The bulk of the papers reside in the Research and Writings Series, which contains extensive files of Smith's research notes, reprints, and revisions of working papers by Smith and others with added annotations. Broadly speaking, the research files document important developments in experimental economics and Smith's seminal contributions to this field of study. Recurring topics in this series include the development of a methodology for experimental economics; the implementation of experimental economics into the studies of asset trading, capital investment, game theory, environmental economics (e.g., the allocation of natural resources such as water), price behavior, strategic decision making, and utilities; and the behavior toward as well as the psychology behind economic decisions, for which Smith was awarded the Nobel Prize in Economics in 2002. With his theories on behavioral and experimental economics, in part influenced by Leontief and Hurwicz, Smith analyzed the functioning of institutions and communication systems such as auctions, utility regulation and markets. An electronic version of Smith's History of Experimental Economic Science at the University of Arizona is in the electronic files which have been migrated to a library server. The extensive Print Material Series includes reprints of the journal articles by Smith on similar material, many of which are also available through the Duke Libraries general collections.

In addition to documenting Smith's work in theoretical economics, the Professional Service Series, Research and Writings Series and Teaching Material Series follow his professional activities primarily at the universities of Purdue, Brown, Massachusetts, and especially at Arizona; his role as the Research Director at the Economics Science Lab at the University of Arizona; his participation on various committees; his work with institutions such as the National Science Foundation, the Journal of Economic Behavior and Organization and the National Academy of Sciences; and his role as a consultant on utility regulation both domestically and internationally.

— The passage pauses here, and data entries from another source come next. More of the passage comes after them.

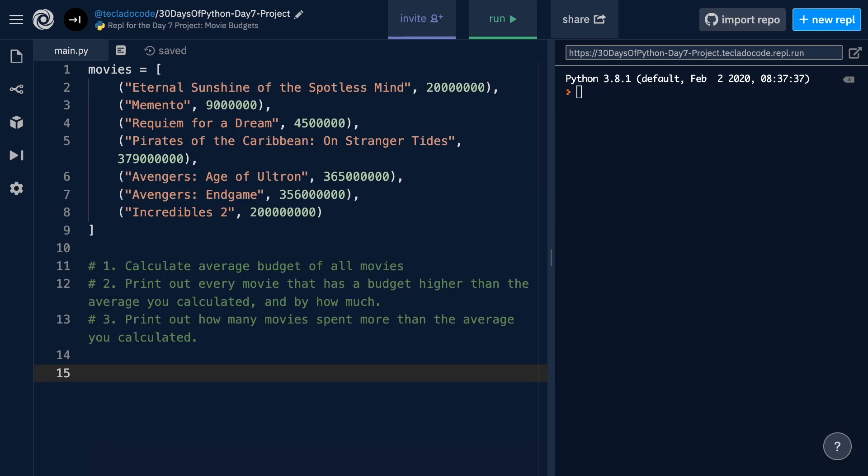Hi guys, I hope you're having a great day. Today we're solving the Day 7 project in 30 Days of Python.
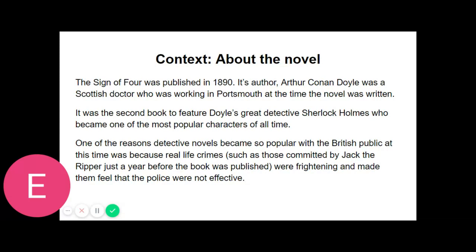"Which is it today?" I asked. "Morphine or cocaine?" He raised his eyes languidly from the old black-letter volume which he had opened. "It is cocaine," he said. "A seven percent solution. Would you care to try it?" "No indeed," I answered brusquely. "My constitution has not yet got over the Afghan campaign. I cannot afford to throw any extra strain upon it." He smiled at my vehemence. "Perhaps you are right, Watson," he said. "I suppose that its influence is physically a bad one. I find it however so transcendently stimulating and clarifying to the mind that its secondary action is a matter of small moment."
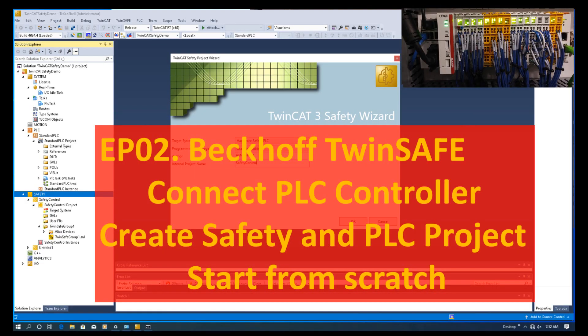Hello everyone. From this video, we will start from the scratch project. I will show how we can connect one real controller, how we can set up the TwinCAT 3 project, and how we can add the TwinSafe EL6900 or EL6910 controller to connect the Beckhoff actual controller, for example, CX2000 or CX5000 controller.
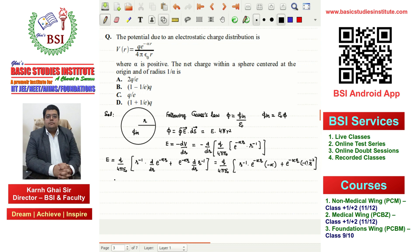Now we rearrange the expression. We take q/(4πε₀) and handle the minus signs carefully — we have a minus sign out front from E = −dV/dr, and minus signs from both derivative terms.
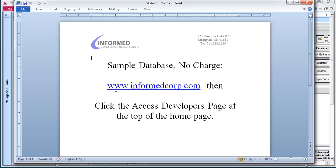If you just go to informedcorp.com, the homepage, at the very top of the page, you'll see a link for the developers page. And on that page, there's a way to download, links to download these databases.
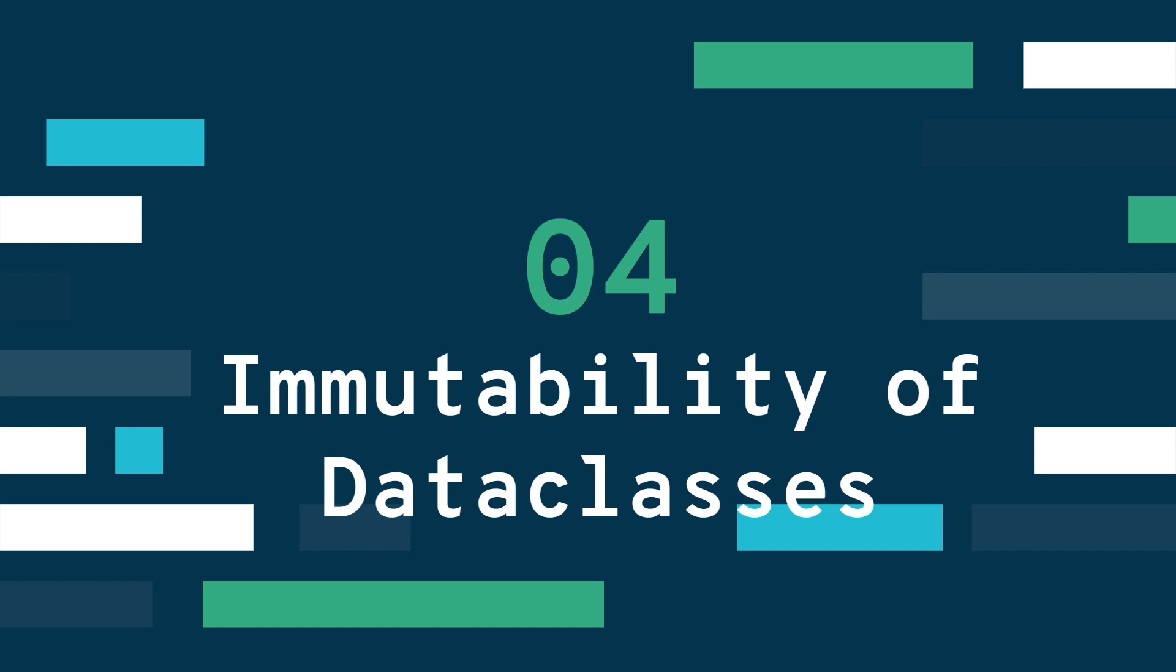Hi and welcome to this fourth video on data classes. This is the final video in this series and in this video I'll talk about immutability of data classes. Data classes are by default mutable but we'll see how to make them immutable in this video. Finally as a bonus I'll also compare data classes to named tuples.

Finally, the Correspondence Series, contains primarily professional and academic correspondence concerning comments on his work by other economists; comments on other's work, dating from Smith's editorial work for several journals; and academic affairs, including recommendations and organizational letters for classes and seminars. Notable correspondence includes early exchanges with Paul Samuelson concerning Smith's graduate level work. In one folder of miscellaneous personal correspondence at the end of the series, a colleague speaks at length in several letters about the Cuban crisis and civil rights protests.

Detailed descriptions on the arrangement and content of each series can be found in the respective sections in this collection guide.